As Head of the Civil Service I am always looking for opportunities to demonstrate both to Ministers and to the taxpaying public that the UK Civil Service is efficient and effective and is improving its performance over time. It is also important that we identify areas where other countries’ civil services are doing things that we can learn from, as well as sharing our own experiences and good practice with others.
That is why, in 2015, I initiated work to explore how reliable comparisons might be made on the performance of civil services internationally. I am pleased that initial work by UK officials in the Cabinet Office and the Department for International Development has has led to a collaboration with the Blavatnik School of Government, the Institute for Government and the Open Society Foundations to develop an International Civil Service Effectiveness (InCiSE) Index. Today saw the first publication of that Index, which is available here.
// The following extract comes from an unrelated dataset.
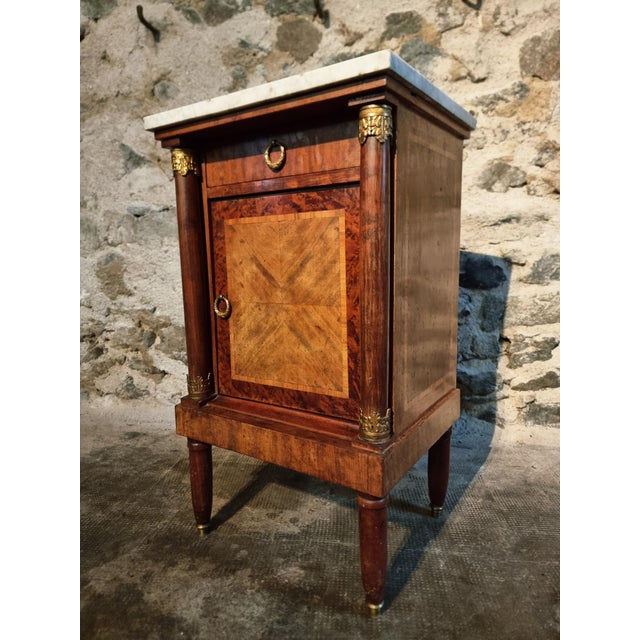 Refined French Empire bedside cabinet, crafted from walnut veneer, mahogany, and acajou wood. This elegant piece reflects...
The Index compares performance on the core functions that every civil service delivers, such as policy advice and fiscal and financial management, alongside important attributes, such as openness, integrity, and inclusiveness.
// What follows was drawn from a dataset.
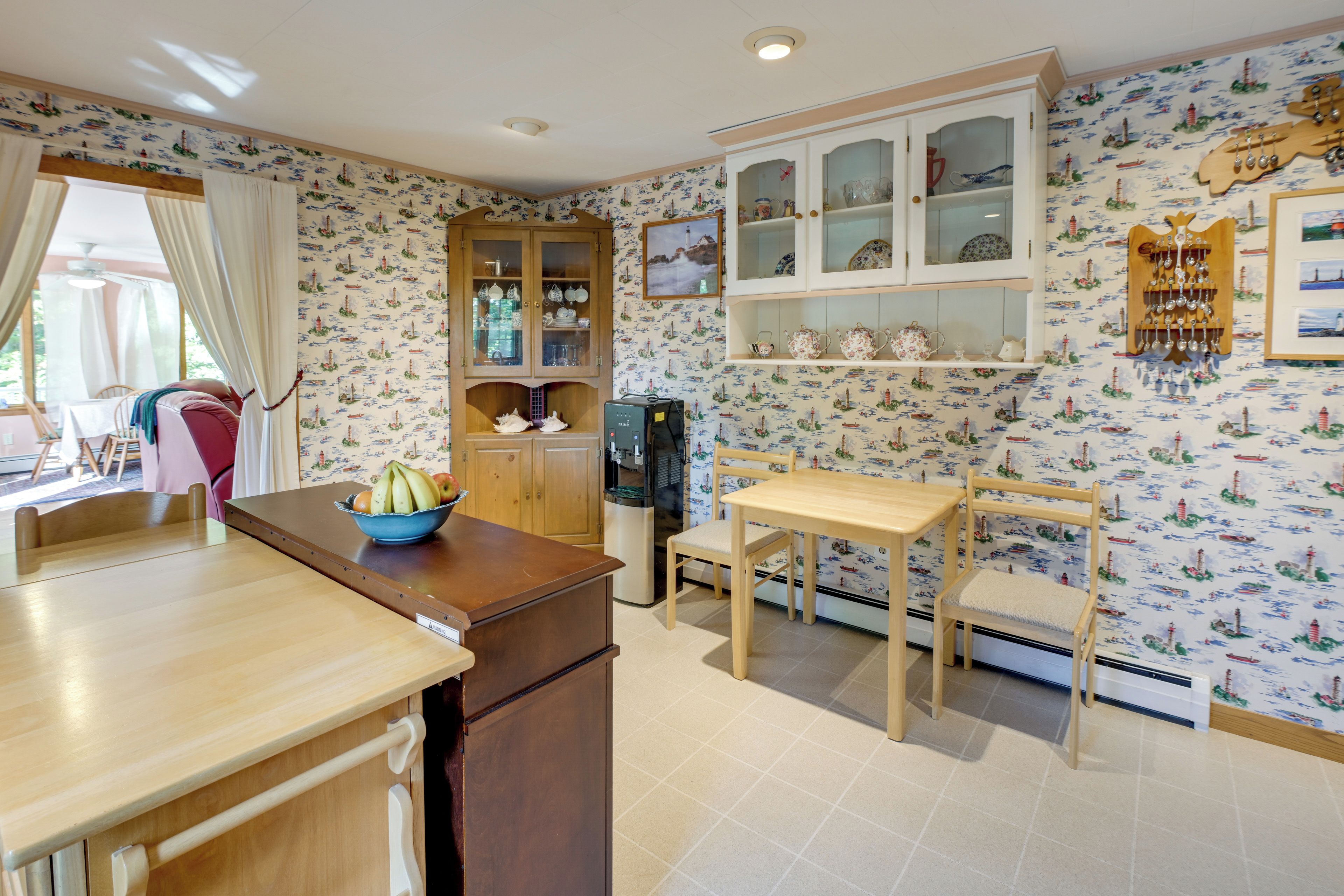 A kitchen with a wooden counter, a dining table with chairs, a fruit bowl, and a cabinet with glass doors.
I am pleased that the UK Civil Service has been assessed independently as one of the leading countries in the Index, ranking fourth overall. Notably, we ranked first for policy-making, openness and social security administration, and also performed strongly on regulation (ranking second) and on tax administration (ranking fifth). However, there are also areas where we performed less well, and in the coming months we will examine where we could learn from the approaches other countries are taking, supporting our vision for ‘A Brilliant Civil Service’.
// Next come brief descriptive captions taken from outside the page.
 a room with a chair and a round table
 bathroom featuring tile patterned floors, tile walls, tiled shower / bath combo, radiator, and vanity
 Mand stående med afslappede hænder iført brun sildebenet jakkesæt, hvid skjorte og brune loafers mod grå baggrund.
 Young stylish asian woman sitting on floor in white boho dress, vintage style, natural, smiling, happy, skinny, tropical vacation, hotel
I believe that this publication represents a major breakthrough in the way that civil service performance can be tracked over time, and my thanks go to all of those involved for their contribution. That said, the publication is a pilot and seeks feedback ahead of further development and yearly publication thereafter. I hope that civil servants from across the world, academics, relevant think-tanks and international organisations will engage in this work to support the development of the Index in the future.